PROBLEM REQUIREMENTS: Give the listing again in full and exactly, apart from its pictures.

SUPPLIED MATERIAL:
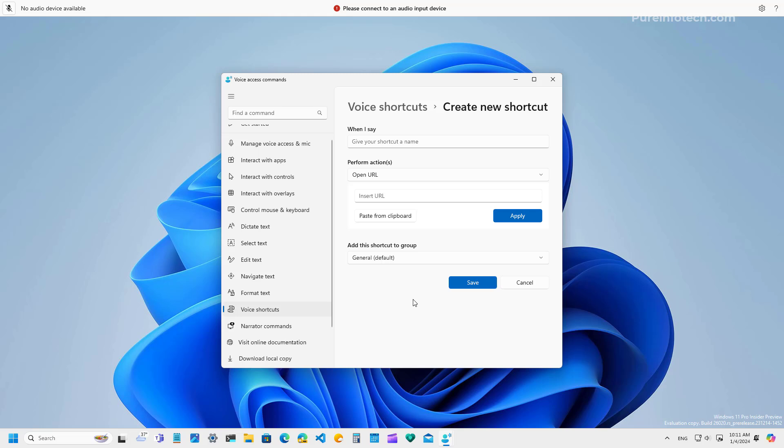And then the next time that you use voice access, using a specific command that you created, will complete the action that you configured. Also, Microsoft is adding support for multiple displays, something that was not available before.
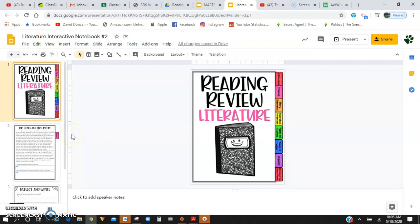All right, guys, we are on our literature interactive number two. So yesterday you guys focused on inferencing. Today we're going to be focusing on theme.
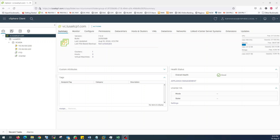Hello everyone, this is Favar. Welcome to Future on Cloud. In today's video, I am going to show you how you can do the bulk deployment of virtual machines in your VMware infrastructure using Ansible and YAML. Let's get started.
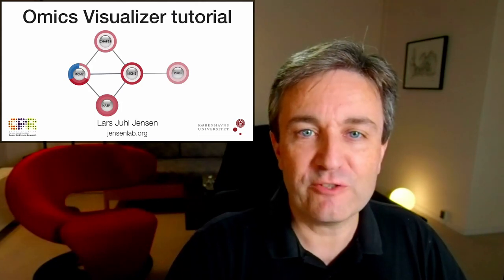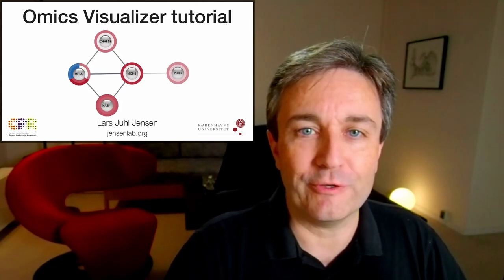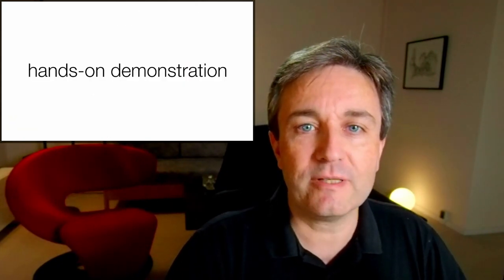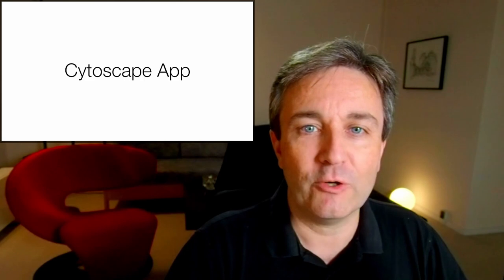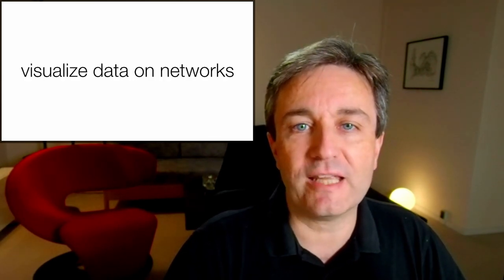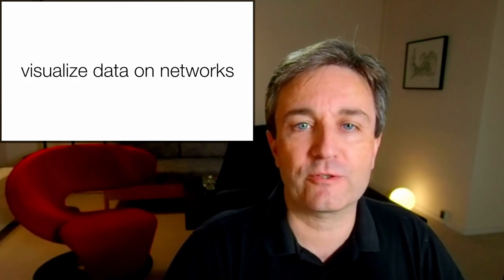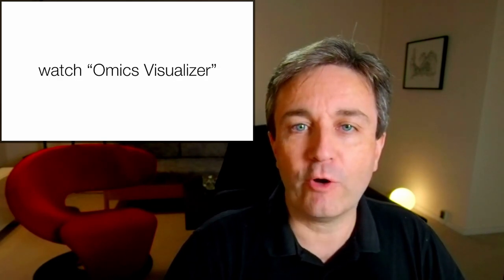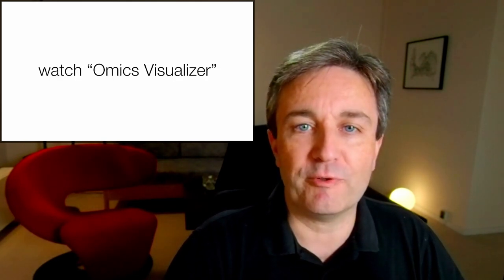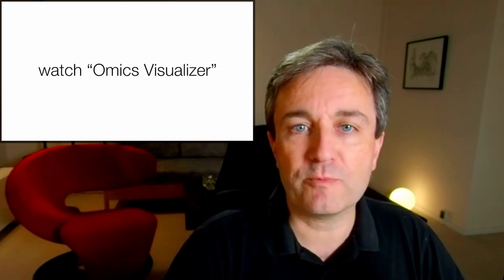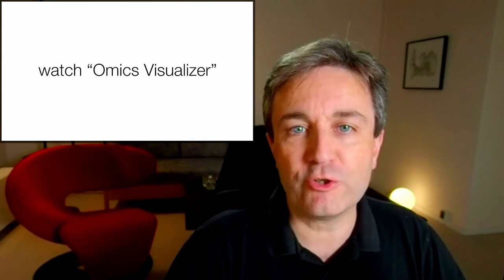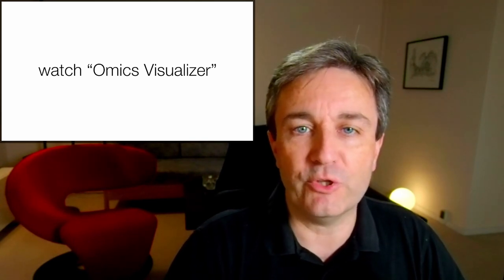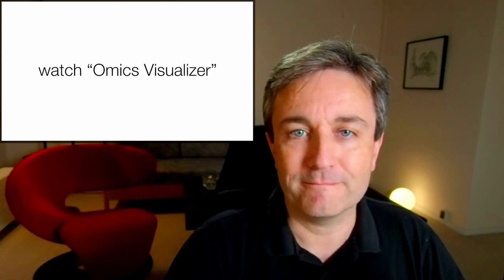Welcome to this Omics Visualizer tutorial. This will be a hands-on demonstration of how you can use a Cytoscape app to visualize complex omics data on networks. If you've never heard of Omics Visualizer before, I recommend that you go watch my brief introduction to the app before continuing with this tutorial.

OUTPUT BELOW:
And then the next time that you use voice access, using a specific command that you created, will complete the action that you configured. Also, Microsoft is adding support for multiple displays, something that was not available before.
All right, guys, we are on our literature interactive number two. So yesterday you guys focused on inferencing. Today we're going to be focusing on theme.
Hello everyone, this is Favar. Welcome to Future on Cloud. In today's video, I am going to show you how you can do the bulk deployment of virtual machines in your VMware infrastructure using Ansible and YAML. Let's get started.
Welcome to this Omics Visualizer tutorial. This will be a hands-on demonstration of how you can use a Cytoscape app to visualize complex omics data on networks. If you've never heard of Omics Visualizer before, I recommend that you go watch my brief introduction to the app before continuing with this tutorial.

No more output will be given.